Tushnet notes that the lower federal courts "universally adopted" Parker's formulation, and his distinctions, in Kluger's words, "set a standard for evasiveness" for school districts across the South. Thanks to the Supreme Court's blindness, and Parker's assertiveness, "after Brown, the ultimate issue of principle was the meaning of Brown itself," as Tushnet aptly puts it. Whether or not the Constitution required "some substantial degree of integration" on the part of previously segregated school districts was a question that the Brown Court had failed to answer or even consider.
The Brown Court's fundamental failure to articulate an affirmative standard for public education's postsegregationist future was as momentous a judicial mistake as any that the post-New Deal Court has ever made. It opened the door to Judge Parker's wily artifice, and the Court's post-1955 evasion of most, though not all, of the ensuing decade's most pressing desegregation cases allowed the Parker formulation to hold sway largely unchallenged for more than ten years.
Only in 1968, thirteen years after Brown II, did the Supreme Court finally return in a definitive fashion to the unanswered questions about Southern school desegregation it had forsaken in 1955. The Court's virtual abandonment of Brown's meaning during those intervening years allowed the white South to evade any implementation of meaningful change for well over a decade. Indeed, it was only after Circuit Judge John Minor Wisdom of Louisiana declared that Parker's formulation was "inconsistent" with Brown II's unspoken mandate that districts "provide an integrated school system" that the Supreme Court embraced Wisdom's response to the crucial question that Brown had failed to address clearly.
Over the past decade it has become fashionable in some academic circles to assert that Brown v. Board of Education was a decision of little moment, that the Southern black freedom struggle of the 1954-68 era would have developed in much the way that it did irrespective of whether Brown or any similar ruling was ever handed down by the Supreme Court. Michael Klarman, a law professor at the University of Virginia, first propounded that argument in 1994, and this year he elaborates at some length a slightly muted restatement of it in From Jim Crow to Civil Rights: The Supreme Court and the Struggle for Racial Equality.
Klarman is not alone in asserting that Brown mobilized white segregationists to oppose African-American efforts for equality with radically increased vigor. But many recountings of mid-1950s history wrongly see white "massive resistance" as a direct response to Brown. Instead, as the best civil rights histories richly detail--see, for example, J. Mills Thornton's Dividing Lines--Brown inspired African-American activists across the South to redouble their efforts. Only as black Southerners petitioned for school integration, boycotted segregated municipal buses and attempted to desegregate all-white public universities did hard-core segregationists rise up in hysterical fury.

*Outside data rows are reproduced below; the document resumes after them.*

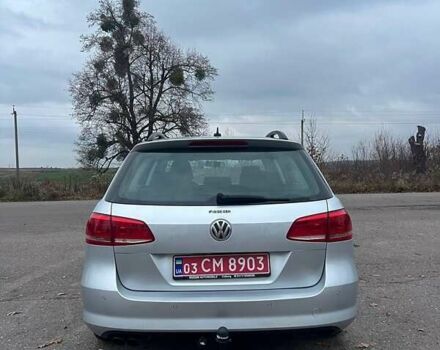 Серый Фольксваген Пассат, объемом двигателя 2 л и пробегом 297 тыс. км за 10599 $, фото 3 на Automoto.ua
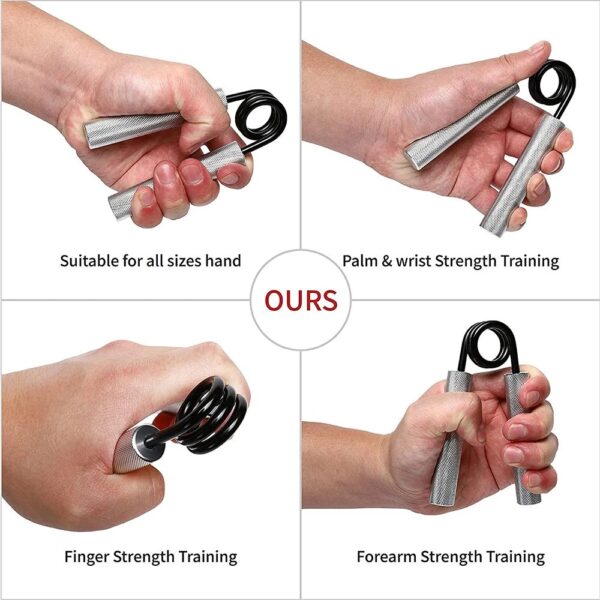 100lbs-350lbs Fitness Heavy Grips Wrist Rehabilitation Developer Hand Gripper Muscle Strength Training Device Carpal Expander - Image 4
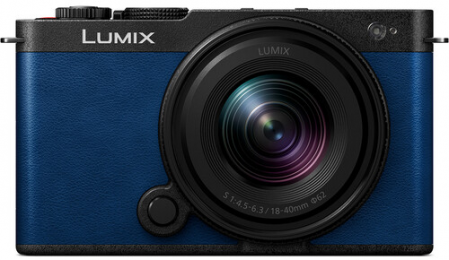 Panasonic Lumix DC-S9 + 18-40mm F4.5-6.3 Night Blue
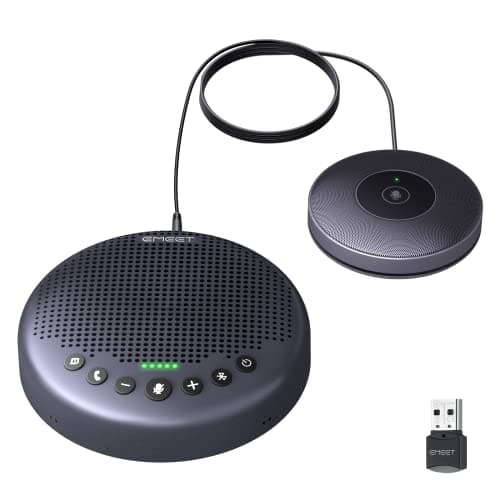 eMEET Meeting Capsule Pro Room Kit AI Powered Camera | MYER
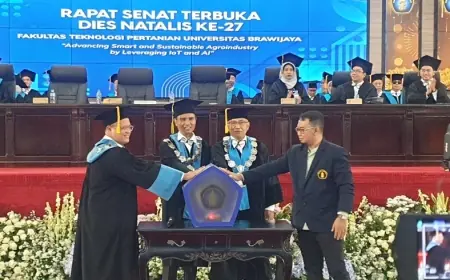 Dies Natalis ke 27, FTP UB Launching Dua Asosiasi Internasional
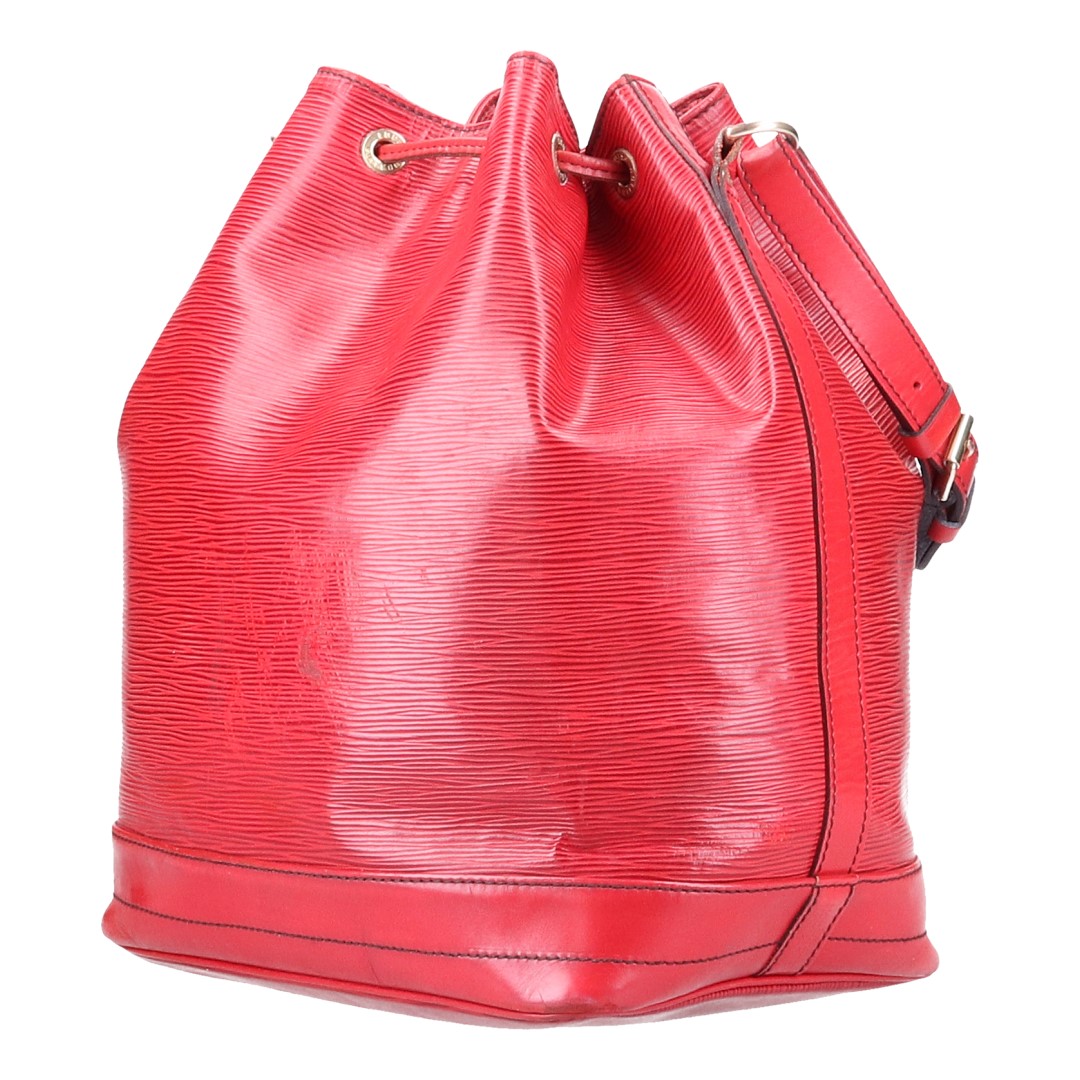 LOUIS VUITTON NOE GM SCHULTERTASCHE AUS EPI LEDER IN CASTILLIAN ROT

Academic efforts to minimize Brown's importance to the Southern black freedom struggle are not new--Gerald Rosenberg's 1991 book The Hollow Hope: Can Courts Bring About Social Change? is a case in point--but such historical arguments increasingly go hand in hand with political claims that progressive social-change movements should not look to constitutional lawsuits like Brown (or Roe v. Wade) to advance their agendas. For many Americans, Brown represents the social truth that courts can right fundamental wrongs just as much as it represents a landmark moment in the struggle for racial justice. Even as recently as 1987, when Judge Robert Bork's nomination to the Supreme Court was overwhelmingly rejected by the Senate, criticisms and dismissals of the Warren Court's legacy of constitutional change were voiced only by conservative Republicans, and The New Republic, not progressives.
The new left-liberal hostility toward judicial power was exemplified by Mark Tushnet's Taking the Constitution Away From the Courts, published in 1999. Tushnet advocated that rather than invest in constitutional litigation, progressives "ought to participate in creating constitutional law through our actions in politics." Tushnet's call unfortunately echoed the longtime editorial rhetoric of The New Republic, whose disdain for judicial protection of constitutional liberties culminated in the bizarre assertion that women's access to legal abortion was "a right that should be protected by politics," not the judiciary.

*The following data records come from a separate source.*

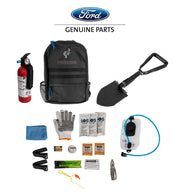Genuine Ford VM1PZ-19F515-B Bronco Off Road Emergency Safety Kit w/ Backpack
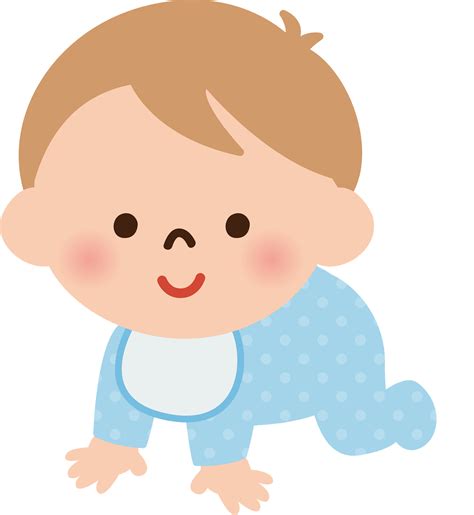 Baby Boy Clipart Free at Kai Chuter blog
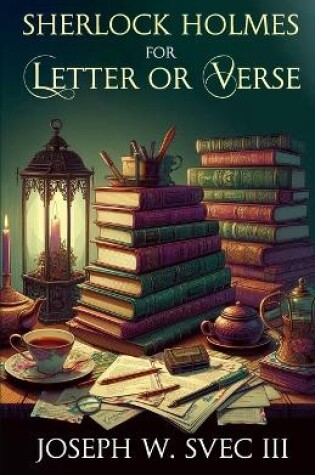 Cover of Sherlock Holmes For Letter Or Verse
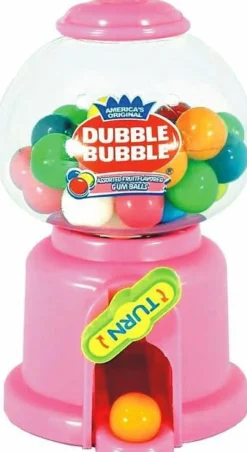 Dubble Bubble Small Gumball Dispenser | 1ct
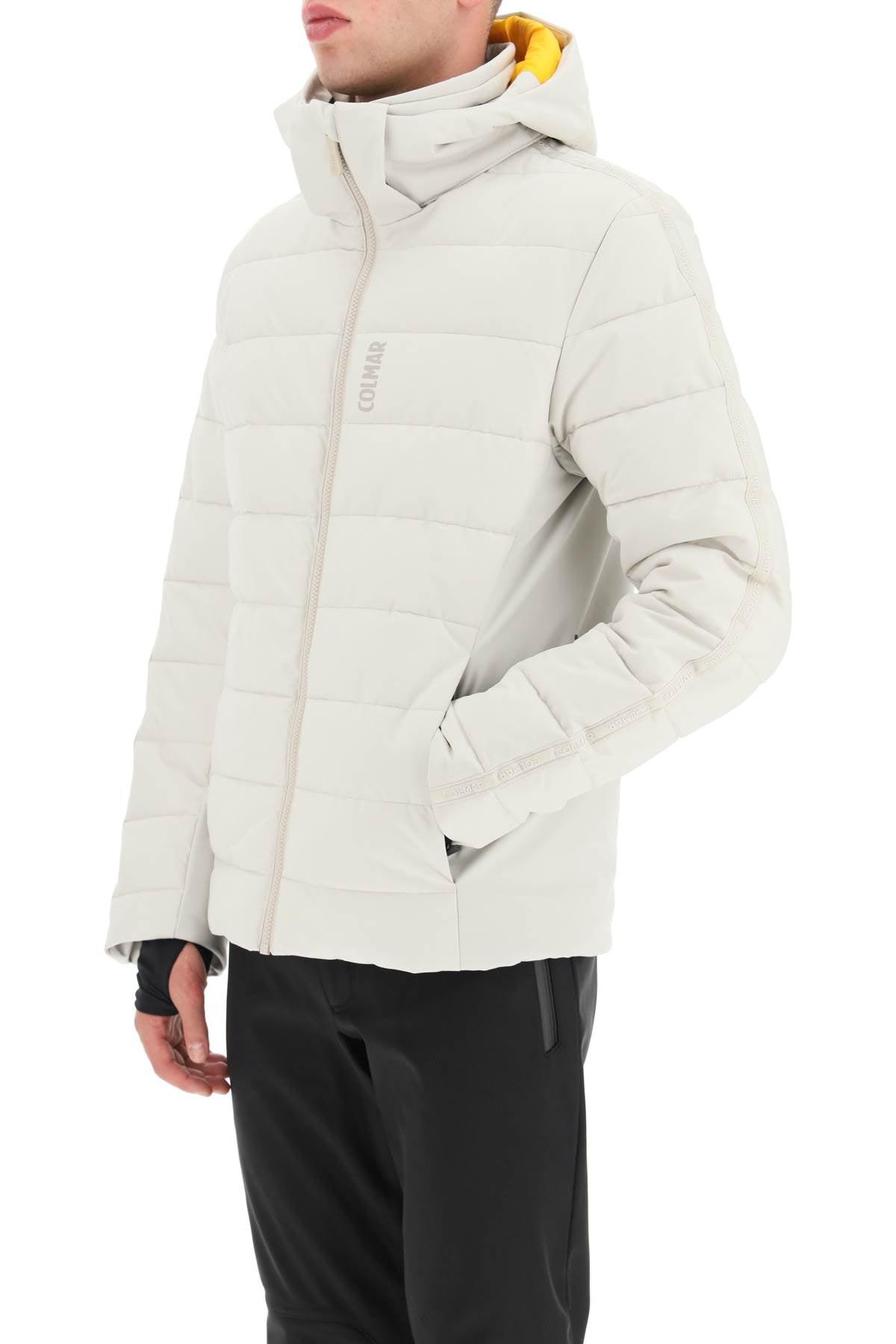 Colmar Ski Puffer Jacket in White for Men | Lyst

When prominent progressive scholars such as Tushnet join with The New Republic in calling for constitutional self-abnegation on the part of the federal judiciary, they embrace the legacies of Felix Frankfurter, Learned Hand and Robert Bork, not those of Earl Warren, William Brennan and Thurgood Marshall. To the extent that this position is animated by historically erroneous dismissals of Brown--and by similarly wrongheaded claims that the abortion rights movement would have fared better had the Supreme Court not handed down so strong a ruling as Roe v. Wade in 1973--forceful rebuttals of Klarman's historical distortions are imperative. As liberal law professor Erwin Chemerinsky has emphasized, "The erosion of faith in judicial review may cause courts to be less willing to enforce the Constitution."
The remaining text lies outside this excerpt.